Enrique Limbrunner/Divulgação
Enrique Limbrunner/Divulgação

Pela primeira (ou vigésima) vez

Do entusiasmo pelo papa Francisco à Calle Florida, do grafite ao bar com senha para entrar, há sempre algo a ser (re)descoberto

Felipe Mortara / Buenos Aires, O Estado de S.Paulo

14 Maio 2013 | 02h11

Com as melhores recomendações e o endereço em mãos, procurava um tal Caffé Lattente pelas agradáveis ruas de Palermo. Escoltado por aquele misto de azar e sorte que costuma rondar os viajantes, parei numa simpática livraria para pedir informação. Após um ótimo papo, descobri que se tratava da Dain Usina Cultural, que reunia não só livros, mas bom café, exibições de arte e até shows de jazz no meio da tarde. Batata: acabei passando horas por lá e nem sequer fui ao Lattente.

Buenos Aires é assim: são tantas boas atrações que fica difícil fazer tudo em uma só visita. Separada de São Paulo por apenas três horas de avião, a cidade reúne atributos tanto para um fim de semana quanto para um feriado prolongado. Testando uma indicação aqui, descobrindo outra coisa ali, montamos um roteiro de quatro dias inteiros, com atrações fundamentais para quem vai à capital argentina pela primeira vez e cantinhos saborosos para aqueles que estão retornando à cidade.

O estilo e a herança europeia são evidentes não só na arquitetura elegante de boa parte das construções, mas na abundante quantidade de árvores, capaz de deixar São Paulo morrendo de inveja. Buenos Aires já foi chamada - sem exagero - de Paris da América do Sul. As belas livrarias (como El Ateneo) e os charmosos cafés dão uma ideia do porquê. Claro que há trânsito, pobreza e estresse como em todo aglomerado de 3 milhões de pessoas. Mas o lugar tem aura.

Demora pouco para sacar essa nuance romântica e pitoresca. Quando vem à cabeça a história argentina, logo salta aos olhos a gigantesca imagem de Eva Perón (1919-1952) na empena de um prédio no centro. Basta pensar em tango e, pronto, se cruza com o Museu Gardel ou o hipódromo onde o cantor viu muitos cavalos perderem por una cabeza. E, quando menos se espera, a tal rivalidade se faz lembrada assim que o Estádio Monumental de Nuñez (do River Plate) passa pela janela do táxi. Que lugar intenso.

Esperança. Como em qualquer lugar do mundo, fica difícil fugir das atualidades no bate-papo com o taxista ou o garçom. Quando desembarquei ali, apenas alguns dias depois da eleição do novo papa, era natural que todas as esquinas e bancas de jornal tivessem um só assunto. Entre um anúncio e outro do inseticida Cuca Trap ("La marca más temida por las cucarachas"), um locutor empolgado sentenciou: "Ter um papa argentino vale mais do que ganhar uma Copa".

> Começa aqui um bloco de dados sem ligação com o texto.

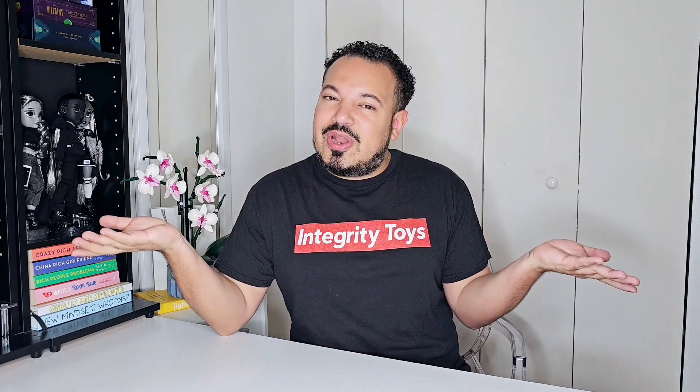Hola, high fashion doll lovers. My name is Christopher Evian, and welcome to my channel. In today's video, I will be sharing my thoughts on the newly released Recoco Collection by Meteor at Integrity Toys. If you are a fashion doll lover just like myself, please consider hitting the subscribe button so you can get notified whenever I have a new fashion video uploaded. Now let's get into today's video, shall we?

Nas janelas de boa parte dos prédios residenciais se faziam comuns bandeiras com as cores da Argentina e do Vaticano (amarelo e branco). Até o Obelisco da Avenida 9 de Julio, a Champs-Elysées portenha, exibia homenagem ao papa Francisco - cujo retrato estampava broches, pratos e ímãs de geladeira à venda por toda parte.

Na lojinha da catedral há fila por uma lembrancinha e, enquanto embala souvenirs papais, o coroinha Raul Scariole relembra que ajudou o até então cardeal de Buenos Aires Jorge Mario Bergoglio a celebrar a última missa de Natal. "O que tem sido escrito na mídia, que ele é simples, humilde e acessível, tudo isso é... a mais pura verdade", brinca. "Perdi a conta de quantas vezes andei de trem com ele vindo da periferia."

O balanço geral evidente é que a escolha de Bergoglio trouxe uma dose concentrada de esperança ao país, em grave crise econômica há alguns anos, com índice de inflação que, em 2012, alcançou oficialmente 10,8% - para a oposição, a alta teria sido bem maior, de 25,6%. A crise na Europa também colaborou com a queda do turismo e hoje brasileiros são 30% do total de visitantes - só em 2012 foram 1,2 milhão.

Fazer parte das estatísticas em 2013 não será difícil. As promoções de passagens para Buenos Aires são constantes. Por isso, guarde bem este guia. Com ele em mãos, seu único trabalho será o de gastar sola pelas calles da plana e arborizada metrópole.